Et se poursuit la confidence, en laquelle, toujours par la bouche de la « vierge folle », « l’époux infernal », Rimbaud, fait de lui même, sans ménagements aucuns, un portrait dont la couleur hurle de chasteté et de spiritualité et où l’on voit que, sur le bord du gouffre de la chair, il n’a pas le vertige. Écoutons :

Je suis esclave de l’Époux infernal, celui qui a perdu les vierges folles. C’est bien ce démon-là. Ce n’est pas un spectre, ce n’est pas un fantôme. Mais moi qui ai perdu la sagesse, qui suis damnée et morte au monde, — on ne me tuera pas ! Comment vous le décrire ? Je ne sais même plus parler. Je suis en deuil, je pleure, j’ai peur. Un peu de fraîcheur, Seigneur, si vous voulez, si vous voulez bien !
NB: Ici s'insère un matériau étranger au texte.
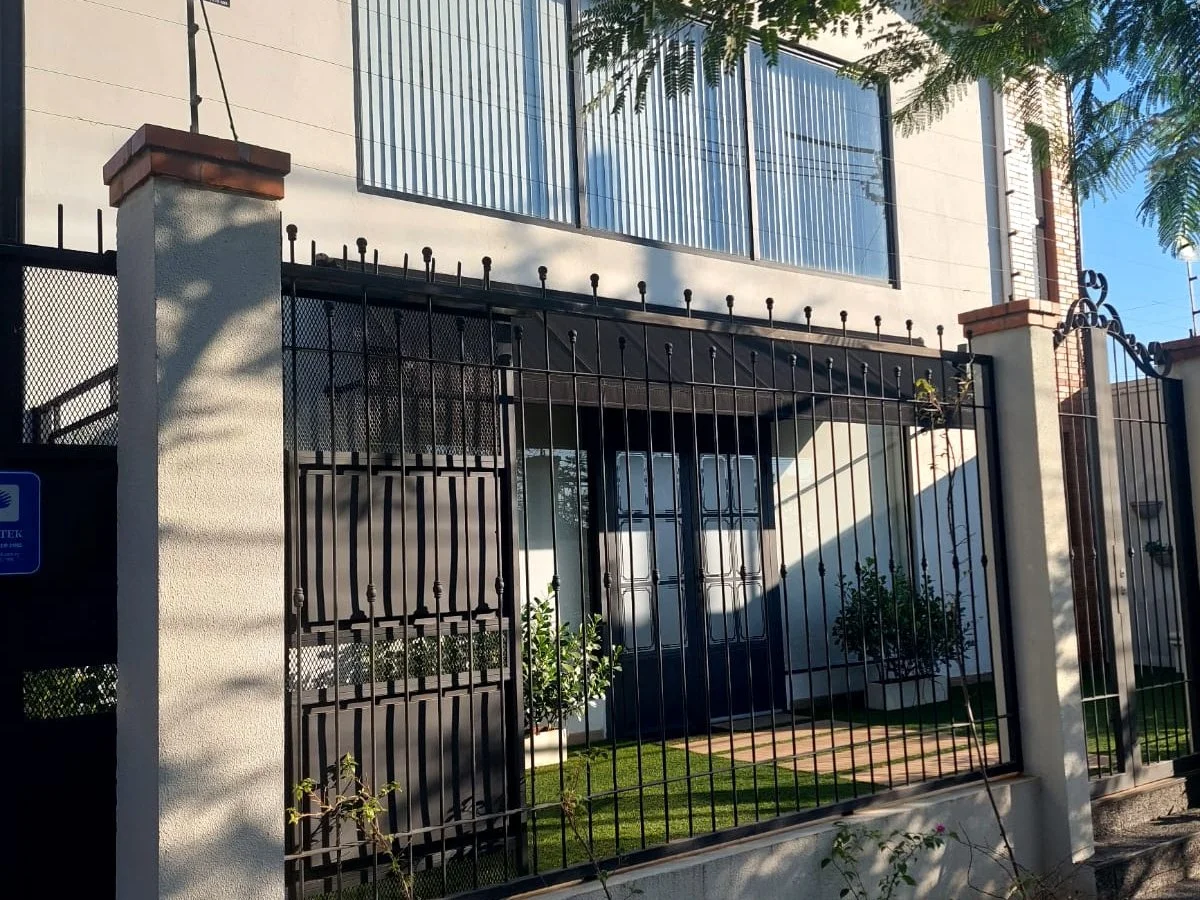 Alquiler de salón comercial en Barrio Herrera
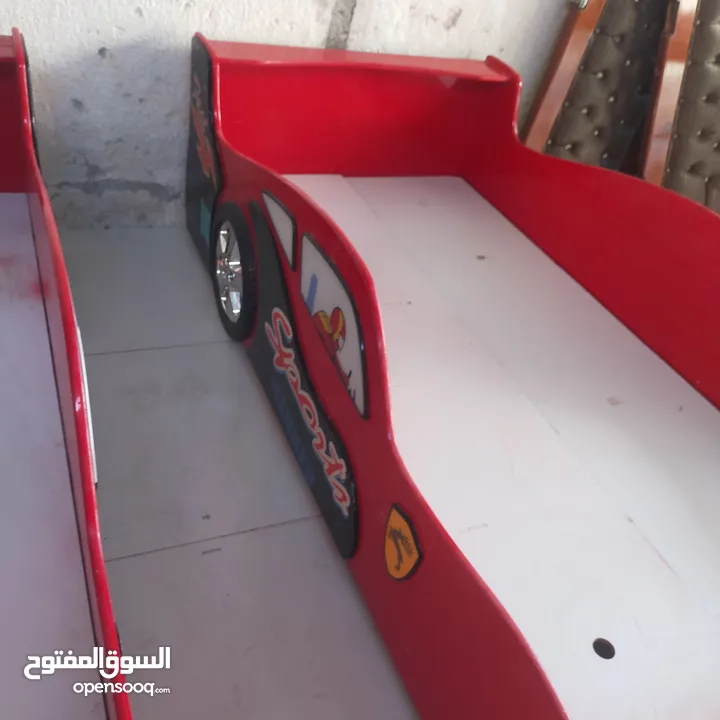 تخت اطفال شكل سياره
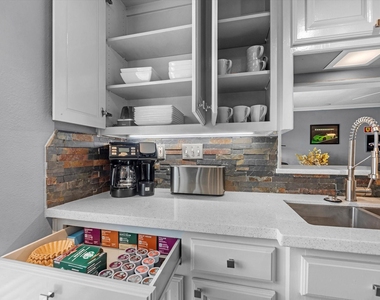 505 Westcott Street - Photo Thumbnail 13
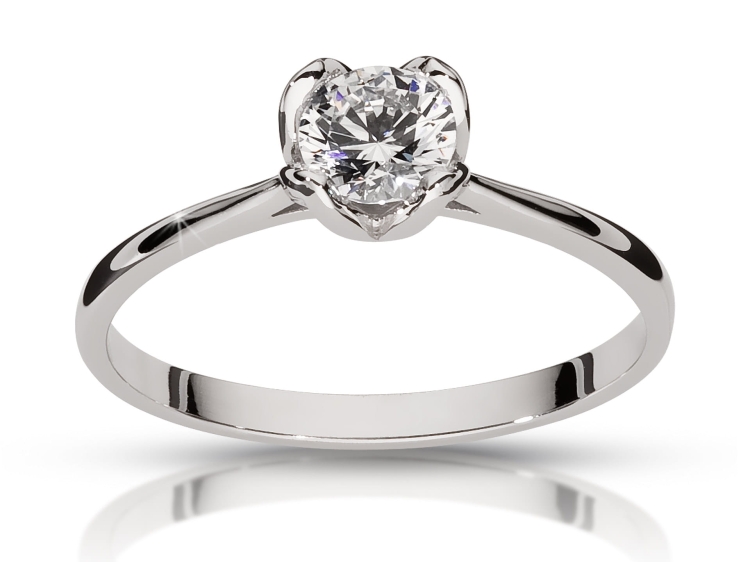 Pierścionek zaręczynowy białe złoto 585 z diamentem – widok boczny (packshot) – ABGOLD Baczyński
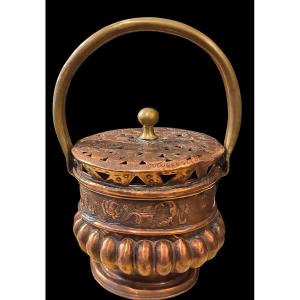 Scaldino da letto antico '800 in rame sbalzato 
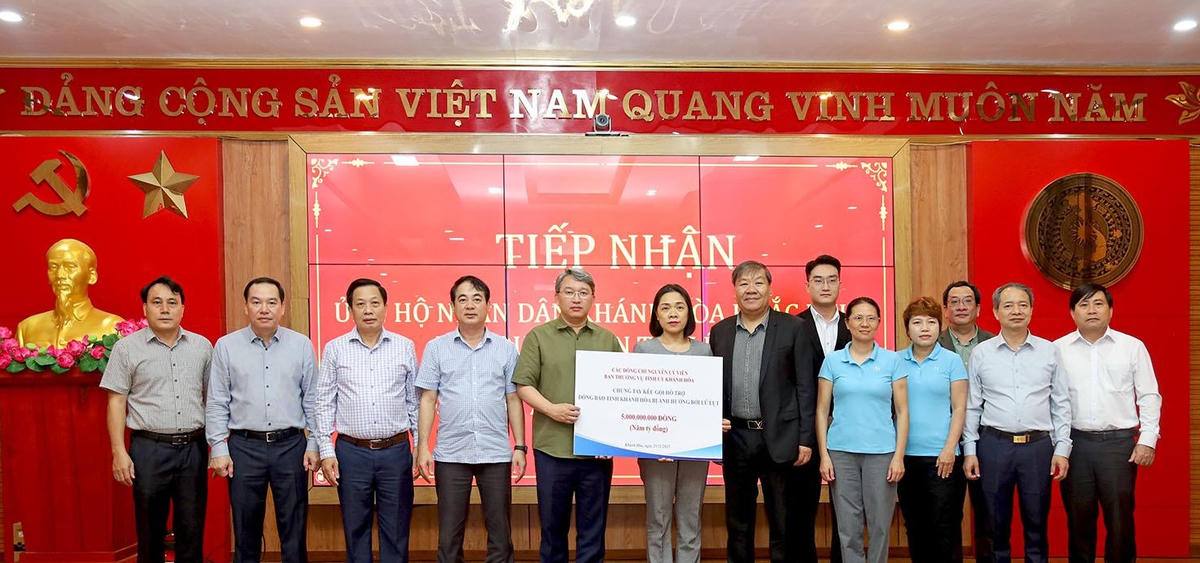 Các đồng chí nguyên lãnh đạo tỉnh Khánh Hòa đã trao 5 tỷ đồng kinh phí vận động được từ các cơ quan, đơn vị, doanh nghiệp, mạnh thường quân để hỗ trợ tỉnh Khánh Hòa. (ảnh X.H)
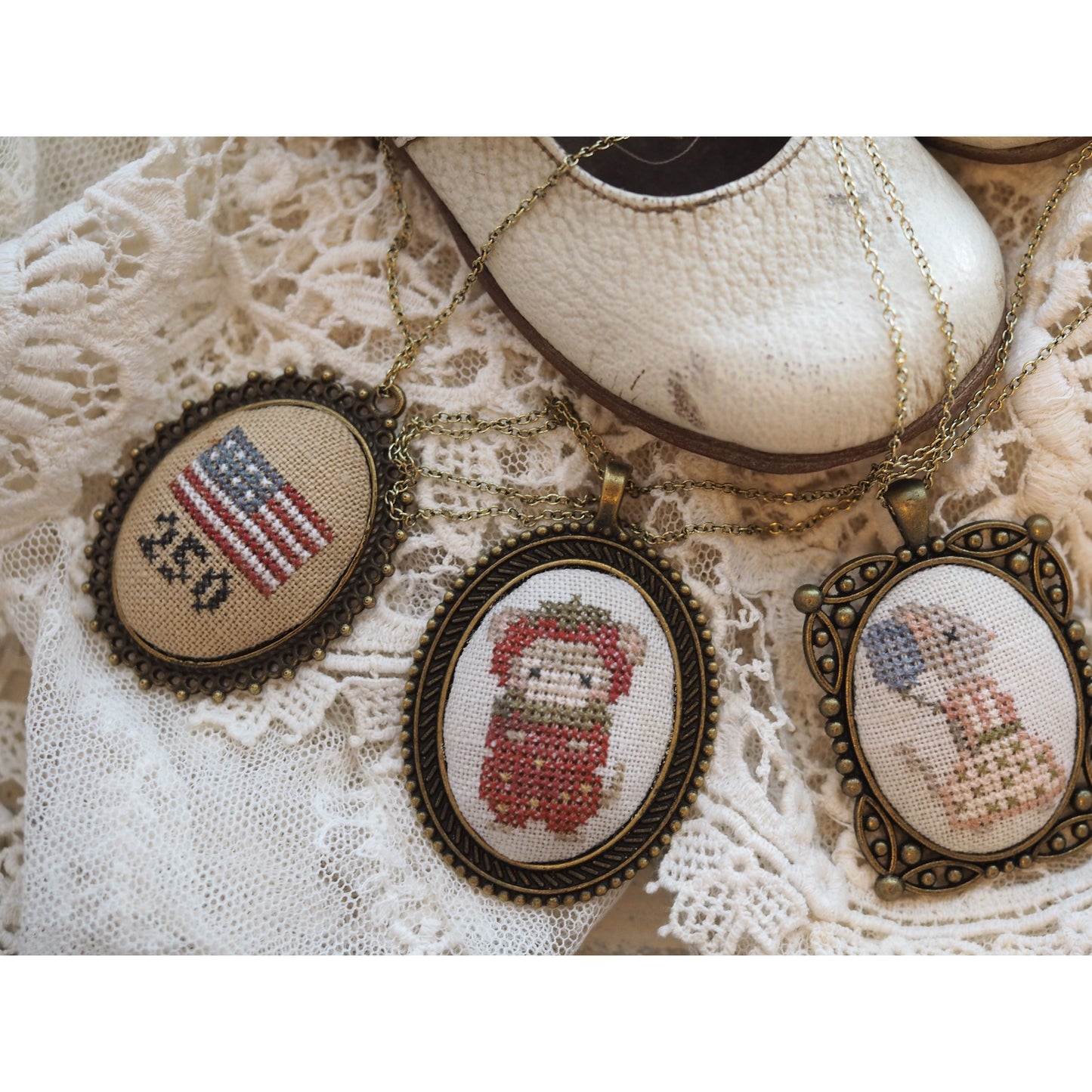 The Stitchery Sisters | Mice (Mouse) Mascots Pendants - Series 1 MARKET 2026
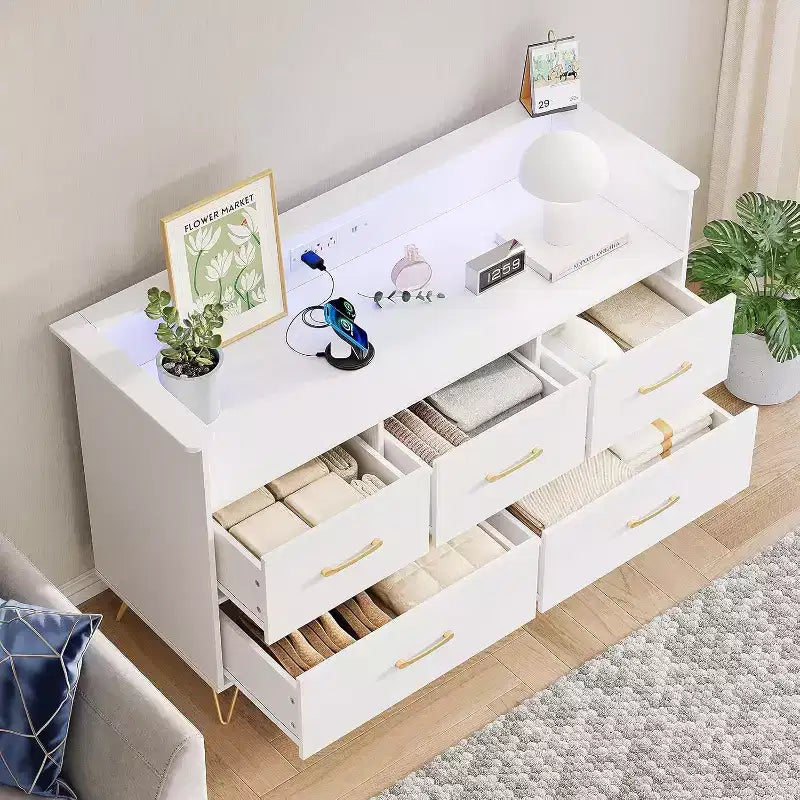 47 Inch Wide Dresser for Bedroom with 5 Spacious Drawers and LED Lights, Chest of Drawers with Built-in Charging Station, Freestanding Cabinet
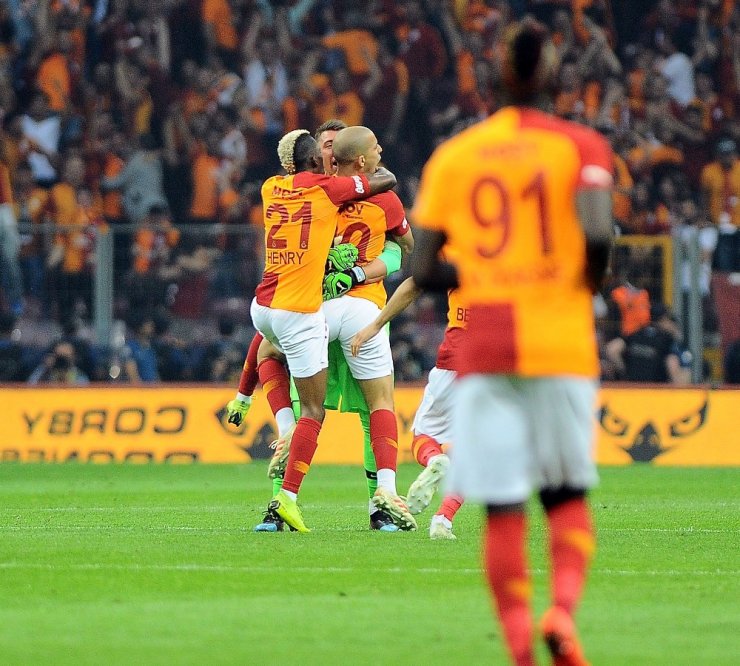 Galatasaray Şampiyonluğu İlan Etti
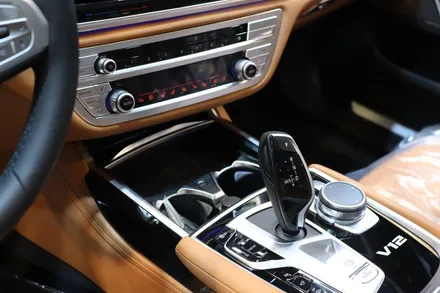 BMW 7시리즈 M760 버텍스 윈도틴팅, 마포 셰이드에서 루마 버텍스900 시공 / 서울 마포구 성산동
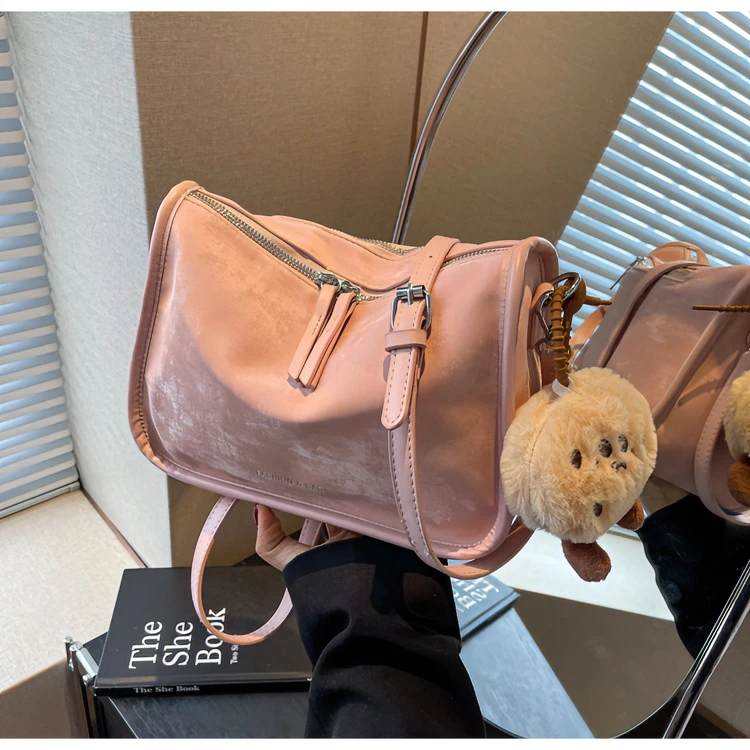 气质大容量腋下单肩包女新款春夏时尚百搭小方包高级感通勤斜挎包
Je suis veuve… — J’étais veuve. — Mais oui, j’ai été bien sérieuse jadis, et je ne suis pas née pour devenir squelette !… — Lui était presque un enfant… Ses délicatesses mystérieuses m’avaient séduite. J’ai oublié tout mon devoir humain pour le suivre. Quelle vie ! La vraie vie est absente. Nous ne sommes pas au monde. Je vais où il va, il le faut. Et souvent il s’emporte contre moi, moi, la pauvre âme. Le Démon ! — C’est un démon, vous savez,ce n’est pas un homme [1]

  1. Les mots en petites capitales sont ceux soulignés au texte par Rimbaud lui-même.